The offseason has arrived. For the Chicago Cubs and Cleveland Indians, that means taking a moment to reflect on an epic seven-game World Series. For the Cubs in particular, it means getting used to the moniker “world champion” for the first time in 108 years.

For 28 other teams, it’s time to get to work.

Among those 28 teams, no franchise is more fascinating than the New York Yankees.

Consider: The Yankees began the 2016 season with a veteran roster. They were creaky, but they had a shot to contend in the noisy, wide-open American League East.

Then, at the trade deadline, they did the unthinkable. They sold, which counts as an “s-word” in the Bronx.

New York shipped out uber-relievers Andrew Miller and Aroldis Chapman and proven postseason slugger Carlos Beltran, among others.
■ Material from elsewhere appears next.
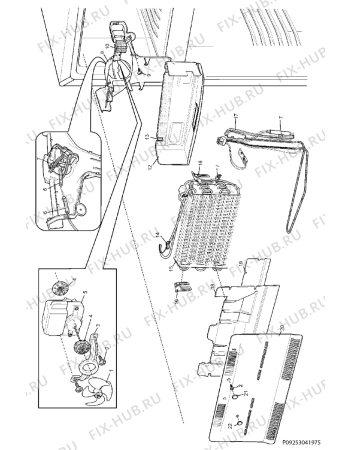 Взрыв-схема холодильника Electrolux END52811X - Схема узла Section 3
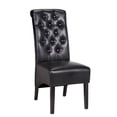 thumbnail image 3 of Lucy 2 Piece Wood Legs Dinning Chair Finish with Faux Leather in Black, 3 of 9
In the process, the Yanks restocked the farm. In fact, when the deadline dust settled, they had the No. 1 minor league system in baseball, per Bleacher Report’s Joel Reuter

Then a funny thing happened. The Yankees called up some of those youngstersmost notably catcher Gary Sanchez—and they started winning.

New York went 33-25 in the season’s final two months and stayed mathematically alive in the wild-card race until the final day of September. 

“We were very excited in the clubhouse,” Sanchez recently told me.

Yankees fans should be excited too. Yes, it stung to watch Chapman and especially Miller blaze through the postseason. 

New York’s future is bright, however. After years of trudging on the fringes of relevance, an honest-to-goodness resurgence is underway. 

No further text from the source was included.